This PR uses USN only if an uninterrupted change sequence since the previous (possibly full scan) backup is available, due to the fact that the journal is rolling, as you’ve mentioned. Whenever there is a gap, a full scan will be performed to establish a sane baseline.

Anyway, the size issue is not related to this. It’s due to duplicati calculating the reported backup size based on the scanned files. But when the journal is used, unmodified files won’t be scanned, their information is carried over from the previous fileset. And since the database doesn’t store the file sizes, we don’t know how much data they represent.

Hence the question if should keep track of the total backup size in the DB.

Yep, you’re 100% spot on. Sorry I misunderstood your first comment. It would seem the only way to pull the accurate file sizes would be from the DB itself as that’s the only place they’re kept locally.

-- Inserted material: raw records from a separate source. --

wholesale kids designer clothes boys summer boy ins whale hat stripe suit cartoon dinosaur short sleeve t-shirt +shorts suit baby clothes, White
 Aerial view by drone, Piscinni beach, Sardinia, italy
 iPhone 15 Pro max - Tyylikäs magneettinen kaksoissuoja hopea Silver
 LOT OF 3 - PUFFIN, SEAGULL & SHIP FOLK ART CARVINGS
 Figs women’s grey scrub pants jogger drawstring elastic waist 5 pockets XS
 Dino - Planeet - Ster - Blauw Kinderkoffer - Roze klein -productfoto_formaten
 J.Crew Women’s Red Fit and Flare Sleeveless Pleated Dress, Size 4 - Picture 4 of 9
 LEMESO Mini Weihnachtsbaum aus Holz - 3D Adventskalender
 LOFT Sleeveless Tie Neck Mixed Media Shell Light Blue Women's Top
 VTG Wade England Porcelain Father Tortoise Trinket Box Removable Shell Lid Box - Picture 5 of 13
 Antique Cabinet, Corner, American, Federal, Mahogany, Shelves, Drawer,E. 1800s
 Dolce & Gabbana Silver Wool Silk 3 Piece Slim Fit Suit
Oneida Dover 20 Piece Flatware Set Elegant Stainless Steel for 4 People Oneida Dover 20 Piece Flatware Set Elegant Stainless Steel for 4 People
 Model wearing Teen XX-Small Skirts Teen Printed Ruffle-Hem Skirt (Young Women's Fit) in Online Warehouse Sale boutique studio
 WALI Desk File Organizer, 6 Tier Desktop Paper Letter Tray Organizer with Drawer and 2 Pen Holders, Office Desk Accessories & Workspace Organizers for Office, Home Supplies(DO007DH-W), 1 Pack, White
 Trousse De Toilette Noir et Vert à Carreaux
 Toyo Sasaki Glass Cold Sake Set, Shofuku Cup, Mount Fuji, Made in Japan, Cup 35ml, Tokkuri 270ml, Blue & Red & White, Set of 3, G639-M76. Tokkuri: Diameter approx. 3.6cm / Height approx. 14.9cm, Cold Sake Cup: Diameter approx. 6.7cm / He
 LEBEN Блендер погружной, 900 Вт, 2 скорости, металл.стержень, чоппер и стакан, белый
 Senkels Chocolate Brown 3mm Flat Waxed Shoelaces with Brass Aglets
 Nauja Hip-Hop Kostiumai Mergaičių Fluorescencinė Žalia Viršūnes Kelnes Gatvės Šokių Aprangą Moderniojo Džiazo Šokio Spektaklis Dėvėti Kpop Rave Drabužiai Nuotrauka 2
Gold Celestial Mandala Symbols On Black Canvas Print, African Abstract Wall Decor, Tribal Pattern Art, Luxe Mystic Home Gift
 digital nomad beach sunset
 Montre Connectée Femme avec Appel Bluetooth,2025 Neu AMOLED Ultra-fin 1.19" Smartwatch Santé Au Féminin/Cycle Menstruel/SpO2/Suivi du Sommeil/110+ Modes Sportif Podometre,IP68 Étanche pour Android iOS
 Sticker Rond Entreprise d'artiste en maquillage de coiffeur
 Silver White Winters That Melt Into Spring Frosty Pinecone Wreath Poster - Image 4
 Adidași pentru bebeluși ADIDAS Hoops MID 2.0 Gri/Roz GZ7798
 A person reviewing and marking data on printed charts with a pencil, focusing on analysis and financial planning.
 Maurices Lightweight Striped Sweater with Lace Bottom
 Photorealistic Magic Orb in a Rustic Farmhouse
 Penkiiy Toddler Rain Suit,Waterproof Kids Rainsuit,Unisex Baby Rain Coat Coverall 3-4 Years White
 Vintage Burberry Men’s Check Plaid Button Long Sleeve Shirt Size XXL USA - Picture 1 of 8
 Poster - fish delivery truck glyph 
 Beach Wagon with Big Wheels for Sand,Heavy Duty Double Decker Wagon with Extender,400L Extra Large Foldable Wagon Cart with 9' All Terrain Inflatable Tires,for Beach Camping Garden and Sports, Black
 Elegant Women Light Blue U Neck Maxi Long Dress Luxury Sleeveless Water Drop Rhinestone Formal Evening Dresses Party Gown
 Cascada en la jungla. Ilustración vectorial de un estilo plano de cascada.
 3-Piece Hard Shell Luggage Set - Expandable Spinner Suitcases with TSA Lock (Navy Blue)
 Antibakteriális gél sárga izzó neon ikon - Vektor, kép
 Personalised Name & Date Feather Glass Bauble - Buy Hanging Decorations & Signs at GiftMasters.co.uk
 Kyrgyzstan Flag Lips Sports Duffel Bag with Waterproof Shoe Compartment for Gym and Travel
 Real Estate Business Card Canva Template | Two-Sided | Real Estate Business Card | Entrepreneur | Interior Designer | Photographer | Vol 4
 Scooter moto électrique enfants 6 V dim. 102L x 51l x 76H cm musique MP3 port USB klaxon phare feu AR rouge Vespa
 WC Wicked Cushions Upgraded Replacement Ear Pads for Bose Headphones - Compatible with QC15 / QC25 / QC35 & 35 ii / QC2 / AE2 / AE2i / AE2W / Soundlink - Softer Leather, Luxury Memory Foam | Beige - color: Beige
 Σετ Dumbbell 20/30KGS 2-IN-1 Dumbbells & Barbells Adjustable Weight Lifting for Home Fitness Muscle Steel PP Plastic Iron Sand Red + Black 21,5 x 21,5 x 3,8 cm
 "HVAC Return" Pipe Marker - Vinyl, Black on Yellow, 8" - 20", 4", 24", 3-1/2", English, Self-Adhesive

I’d very much like to encourage you to keep on working on this one. As a long term CrashPlan user, real time backup based on file system journaling and without the need to always scan the entire backup set is for sure one of the very few features I’m missing with Duplicaty. I’m very much looking forward to get this feature implemented. You’re really awesome, guys.

By the way: I very much like your “safe” approach: never try to work around any issue with the integrity of the journaling information on new or changed files. If in any doubt, just do a full scan. In this case, safety beats performance.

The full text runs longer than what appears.